Reputation: 17107
I imported a csv into MongoDB using Compass. The csv file has a size of 755 MB, but in Mongo, the collection shows a size of 2.8 GB? Why is this? Also, the csv has a lot of sprasely populated fields. In Mongo, these fields are set to empty strings for most of the rows(documents). Is there a option to say only create the field for a particular document if the value is not missing.
Upvotes: 0
Views: 1039
Reputation: 7621
Loading a sparse file can unnecessarily eat up a lot of space. Consider 14,493,120 rows of this line:
foo,bar,,,,,,,,,,,,,,,,,,,,,,,,,,,,,,,,,,,,,,,,,,,,zip
The file size is 797,229,120 bytes. So let's go ahead and load it with mongoimport with NO --ignoreBlanks
. On the MacBook, this takes 8m45s to load and produces an avg size doc of 490 bytes for a total of 7,101,710,784 uncompressed bytes. The WiredTiger storage engine will achieve a 6.8x compression on this to yield an on-disk rep of only 1,044,369,232 bytes and the _id index of 145,854,464 bytes. Call it 1200MB total. OK, somewhat bigger than the input 797MB flatfile.

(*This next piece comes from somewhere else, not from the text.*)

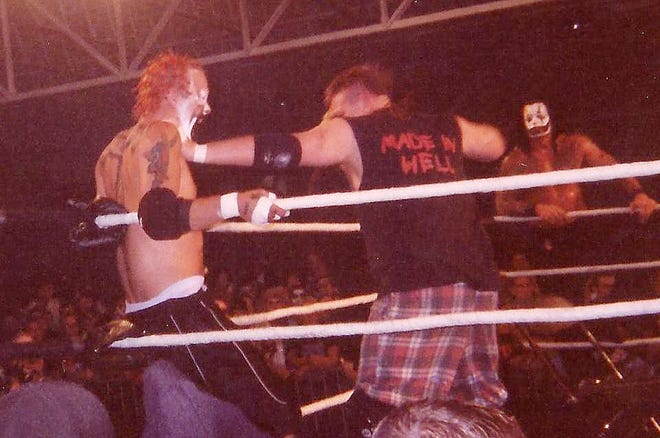 Shaggy 2 Dope takes a beating while Vampiro looks on at the first Gathering of the Juggalos festival at the Novi Expo Center.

Load it with --ignoreBlanks
and the landscape changes. It takes only 5m55s to load and produces an avg size doc of 63 bytes -- about 7.7x smaller. The total uncompressed size is 72,758,890 bytes, also about 7.7x smaller. The compression ratio is down to 3.2x but this still yields an on-disk rep of 286,487,020 bytes. Not surprisingly, the _id index is the same size (145MB) but 286MB + 145MB ~= 432MB. Compared to 797MB of raw CSV, the point should be clear: Loading sparse files into MongoDB with --ignoreBlanks
yields a significantly smaller footprint; in this case, close to 2x smaller on-disk including indexes than the raw CSV files
Upvotes: 3